Studies of feedback and progress monitoring in our material mainly give teachers
more knowledge about student progression to allow teachers to adjust material
and instruction appropriately. It should be emphasized that there are only five
studies using this component, and in all cases this component is combined with
another component.
[With further explanation of recent studies past the cut-off date that
show improved data analysis tools in the hands of admin. and teachers can
assist with this].
...
Incentive programs, after-school programs,
summer programs, coaching and mentoring of students, psychological/
behavioral interventions, personnel development, and computer-assisted instruction
programs were all positive but not significant. However, there are examples of
effective interventions in many of these categories, and most of these components
have been examined by only a few studies. Therefore, we want to emphasize that
our results do not imply that incentive programs cannot be effective, or that there
are no incentive programs with positive effects (there are such examples)

...
[From the 'implications' sub-section] Our results indicate that it is possible for schools and local stakeholders
to substantially improve the educational achievement of low SES students. As such,
they provide motivation for action. We hope that the review may provide inspiration
for educational decision makers at all levels who are looking for ways to
improve the educational achievement of low SES students. When it comes to the
specific interventions a school or a teacher should choose, our results provide
less guidance. Even in our large sample of studies, it was not possible to fully
explain why some interventions worked better than others. We also believe that
the impact of an intervention depends on the local context

So... yeah, this is massively different than the ultimate conclusion of deBoer, "Yet how often do you hear about tutoring from ed reformers? How often does it pop up at The Atlantic or The New Republic? Compare that to computer-mediated instruction, which is a topic of absolute obsession in our ed debate, the digital Godot we’re all waiting for to swoop in and save our students. No matter how often we get the same result, technology retains its undeserved reputation as the key to fixing our system."
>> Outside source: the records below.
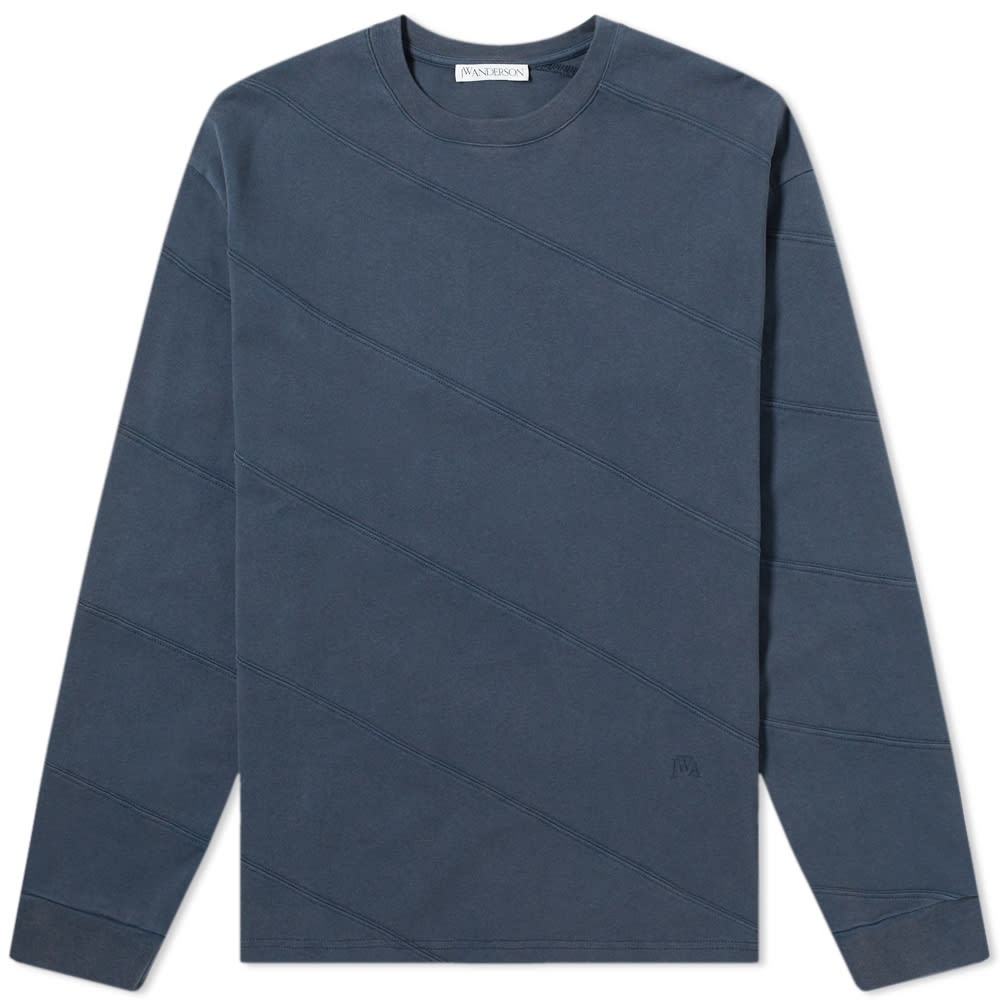 JW Anderson Long Sleeve Diagonal Panel Tee - 1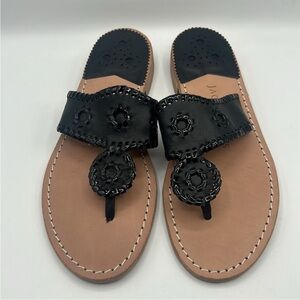 Jack Rogers black leather sandals. Perfect for summer!  8.5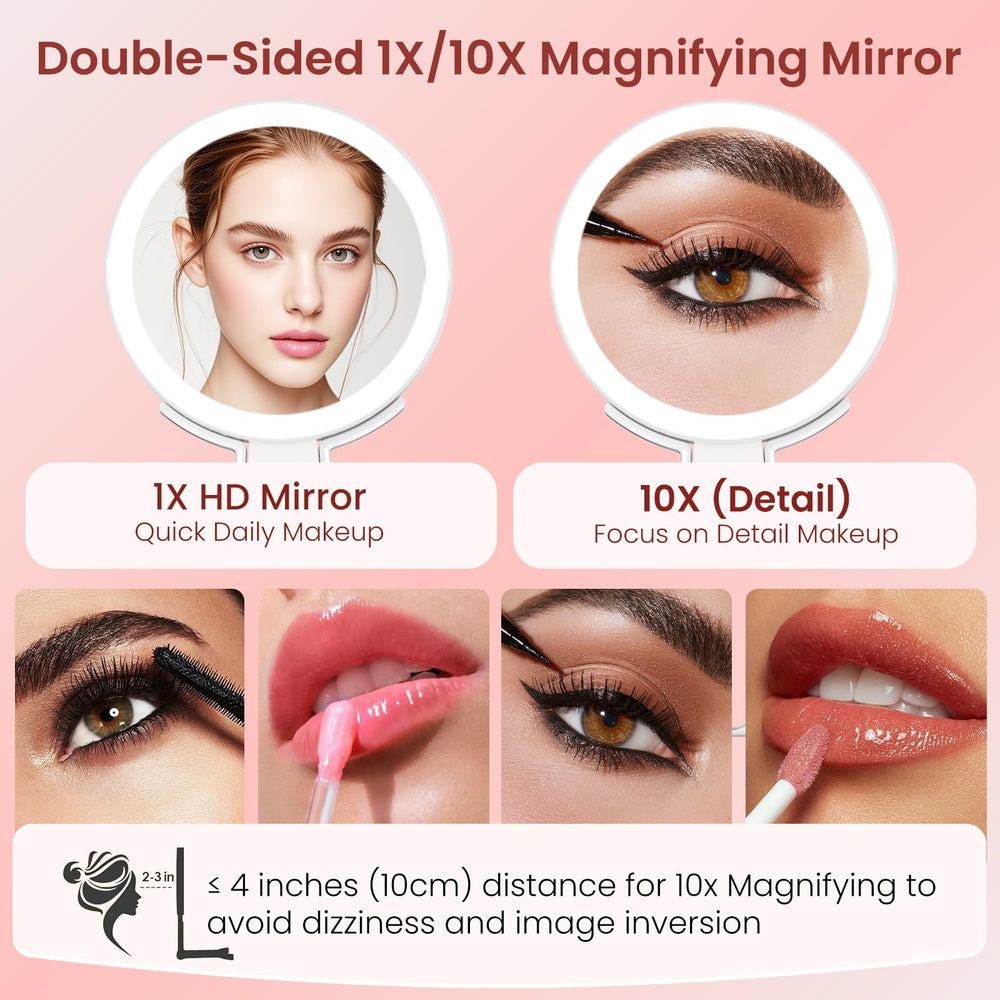 Iluminación de tres colores para maquillaje en cualquier entorno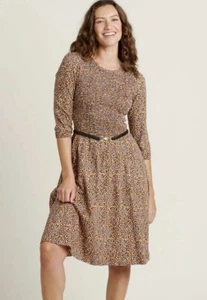 Brakeburn Painted Spot Cotton Jersey Dress Size 14 Brand New SALE - Picture 1 of 4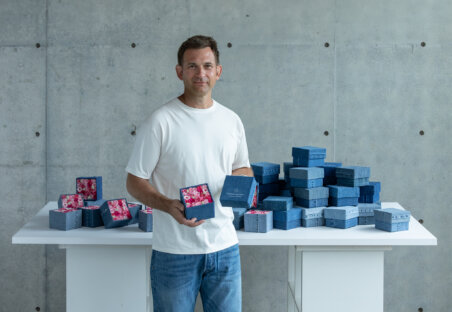 NB denim box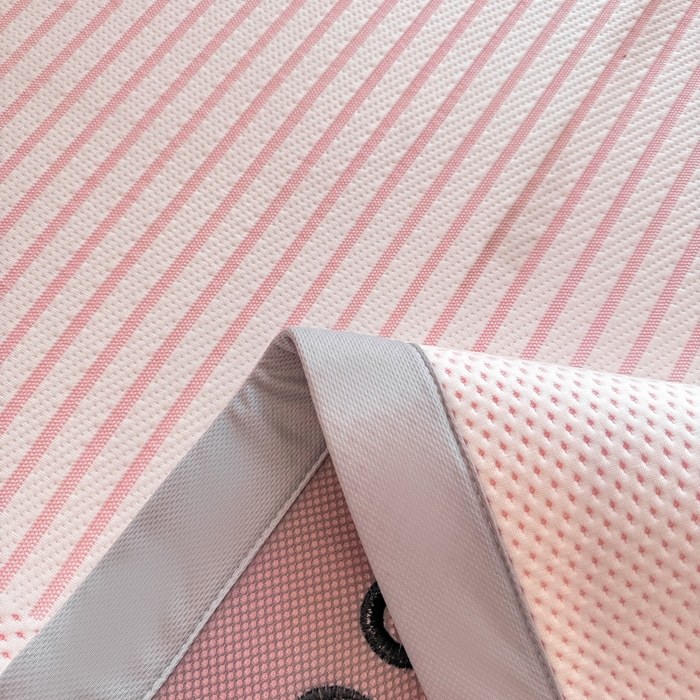 91家纺网 家纺一手货源 找家纺 梦初语 2026春夏新款刺绣凉感豆豆冰丝软席三件套（400克加厚 夹层加捻 不起球 可机洗） 清风条韵-玉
This is wrong on a few levels: first, a lot of the high effect interventions are technologically mediated (although it's technology as an assistive tool instead of being the sole basis of the intervention); secondly, it's misrepresenting the extremely carefully measured conclusions of the studies which indicate that in specific contexts the more technologically centered intervention can be effective; and third, it's a misrepresentation of most ed-tech researchers that I've read, most of whom would find 'you need people in addition to technology' to be a non-controversial (and really, obvious to the point of banality) claim.

This is a valuable study, but it deserves better than a simplistic "more teachers, smaller classes, no technology" gloss.
posted by codacorolla at 10:06 AM on May 16, 2017 [16 favorites]


Was hoping for more analysis of variance
posted by clockzero at 10:36 AM on May 16, 2017 [5 favorites]


'you need people in addition to technology'

I used to work in educational research involving technology and yes, this is completely non-controversial in academic ed tech research. I'm now in a position of supporting already-implemented ed tech so get solicited a lot with ed tech start ups and they are insufferable with the pie in the sky nonsense about technology solving everyone's problems everywhere. But that's kind of their job. They are selling something. They and their claims should all be studiously ignored.
posted by soren_lorensen at 11:33 AM on May 16, 2017 [3 favorites]


Number one: the "why didn't you write hundreds more words to conform to my whims as a reader" attitude is only ever found among those who have never published anything and have no idea about what constraints any meaningful definition of concision. I was already above 2000 words. There are limits to what people will read.

Number two: I am drawing my conclusions about the (utter lack of) value of educational technology not just from this study but from a vast swath of studies that show no meaningful learning gains. I was not drawing the conclusion that this study functions in and of itself as a refutation of ed tech but using the most impressive finding (itself quite small in context) about tutoring and how little you hear about it from ed "reformers." The obvious reason for that is that there is no currently-existing well-moneyed firms that exist to extract precious public resources through tutoring, but I'm sure they're working on that. If you had bothered to follow a link to another study I looked at, where I refer to a broad base of research that you are fully welcome to investigate yourself, you wouldn't make the mistake of thinking that my conclusions were drawn only from this study. If you're going to engage, read carefully, and please, do more to fix your own ignorance of the policy and research context.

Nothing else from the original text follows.